If the county truly wants to start from scratch and redesign the public health system here, I think we can be a very important piece of that and help reduce some of the burden. Some of the money that they’re spending now--$200 or $300 per patient visit--they need to shake loose and give to us. Some of those same patients could be seen for a lot less.

The county should look at the things we can do and help us expand. For example, we don’t run Saturday clinics. I know there are a lot of practitioners who would like to volunteer but we don’t have enough resources to open our clinic on Saturdays right now. They can use us for our strengths. We can do a lot of the preventive stuff--screening, urgent care.

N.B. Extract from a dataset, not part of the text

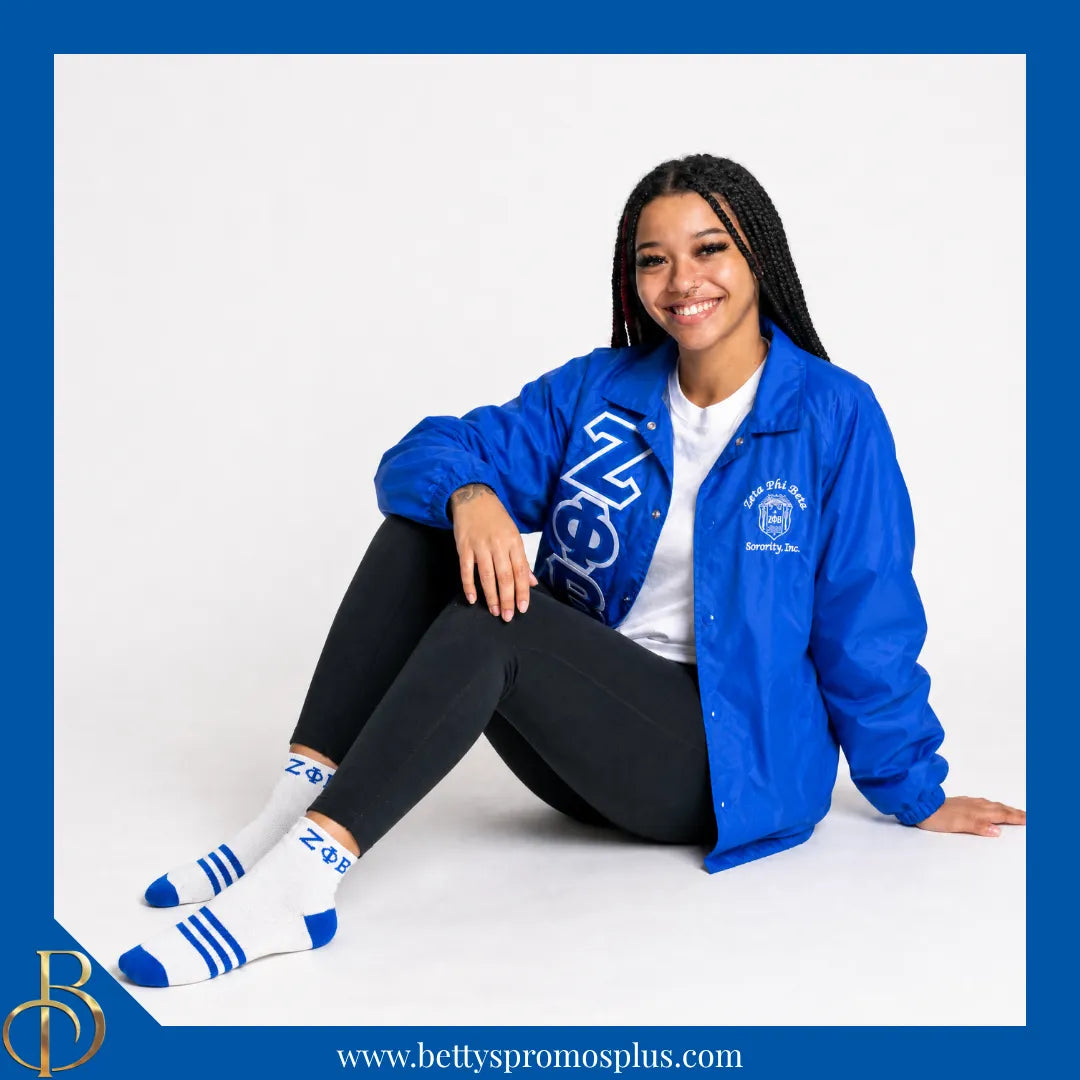 Zeta Phi Beta ΖΦΒ Breathable Ankle Socks with Arch Support-Zeta Phi Beta Paraphernalia-Zeta Phi Beta Socks-Betty's Promos Plus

But there’s a whole level, a depth of service, especially trauma, emergency and surgery--especially elective surgeries--the county provides for indigents that there’s no way community clinics can completely pick up.

If an indigent person who comes here needs more extensive treatment than we can provide, or has diabetes, for example, we send them to the county. If County-USC Medical Center closes, and concurrently the county closes outpatient facilities that provide specialty treatment in an extensive and ongoing way that we don’t provide here, it would be devastating to the patients and the community that we serve.

An inherent problem in the county system is that it’s a large bureaucracy that ends up being very complicated. We have support staff who do a lot of what I call “connective tissue work” so that our doctors can see patients. [The doctors] don’t want to volunteer and fill out 25,000 different forms, though obviously they have to do the charting and things they’re medically [and legally] required to do. But we really try to focus on having a very smooth patient flow that allows them to practice good old-fashioned medicine.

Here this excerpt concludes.